Si un Oscar de los seis mereció Chicago fue el del montaje. Cada espacio, esmeradamente planificado, alberga una historia contada musicalmente con absoluta destreza. Es mucho más que movimiento sincronizado; la cámara, ubicua, es un demiurgo que crea mundos: principalmente dos paralelos, la mujer que se derrumba desde la cúspide, y la que trepa hacia ésta.Subraya, además, en su mejor coreografía, las raíces discriminatorias de los homicidios pasionales. Los verdaderos crímenes de las protagonistas, legítima defensa emocional en ambos casos -dice-, no son los asesinatos. Ya lo advirtió con su habitual ingenio Víctor Flury: el crimen esencial es la ausencia de amor, tanto en sus vidas, como en su mundo (¿acaso ese retrato de la ciudad de los vientos en el año de la Depresión no describe también el frenesí de nuestros días?); ese orden corrupto basado en el derecho y la prensa retorcidos, que el filme desviste con ironía. Bajo el rostro pícaro y dulzón del abogado que manipula la prensa vemos los obscenos harapos de la injusticia.

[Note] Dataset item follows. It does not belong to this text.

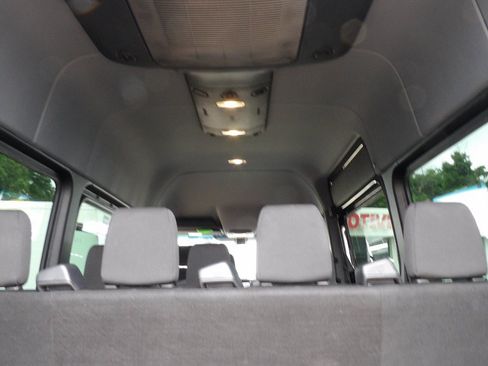 Used 2025 Mercedes-Benz Sprinter 2500 image 31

Las actrices, prisioneras de su egoísmo, se agitan en vano refocilándose en los desiertos de la fama y la riqueza, sin intuir casi la vida que se les marchita y escapa.

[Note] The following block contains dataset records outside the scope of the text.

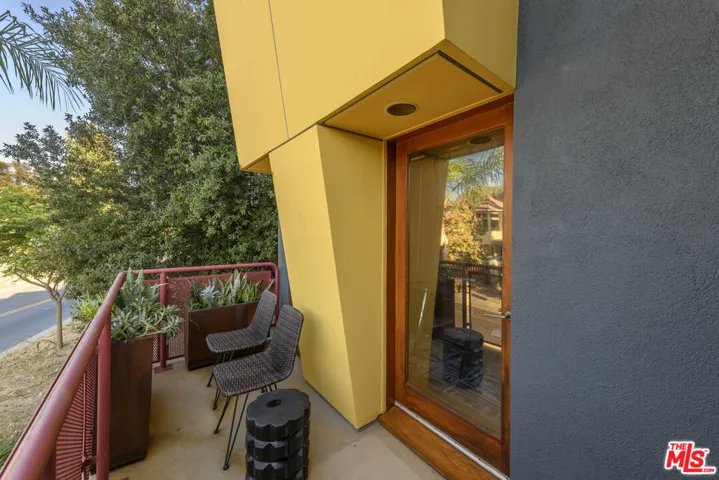 12236 Laurel Terrace Drive, Studio City, California 91604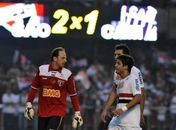 Rogério comemora jogo mil, vitória a liderança.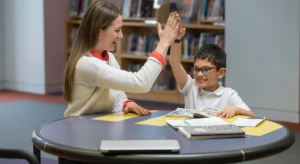 Tutor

Este circo del cabaré, caricatura del combate mundano, viste máscaras de muerte. La terrible paradoja es la conciencia de que tras el maquillaje aparece la Dama de Blanco, como en el circo de Fellini o en All That Jazz (Todo ese jaleo -circo-) de Bob Fosse, la historia de un hombre que se permitió a sí mismo ser adorado pero no amado.
«La realidad del hombre actual es tan absurda, injusta y asfixiante, que para poder sobrevivir a ella, no ha encontrado más solución que neutralizarla, convertirla en total irrealidad.» sentenció hace treinta años Margarita Lobo en Reseña, a propósito de Cabaret, del mismo Fosse, autor original de Chicago.

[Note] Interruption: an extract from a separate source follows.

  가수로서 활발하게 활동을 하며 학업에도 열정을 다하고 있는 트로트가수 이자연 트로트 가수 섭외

Primerizo del cine pero experto galardonado el director Rob Marshall, veterano habilísmo el productor Martin Richards, e incisivo narrador el guionista Bill Condon (Dioses y monstruos), junto a los notables intérpretes (especialmente Catherine Zeta-Jones) nos atrapan con su éxtasis del ritmo -la cultura hecha naturaleza por extraño que parezca- y la descarnada revelación de la cárcel del éxito exterior.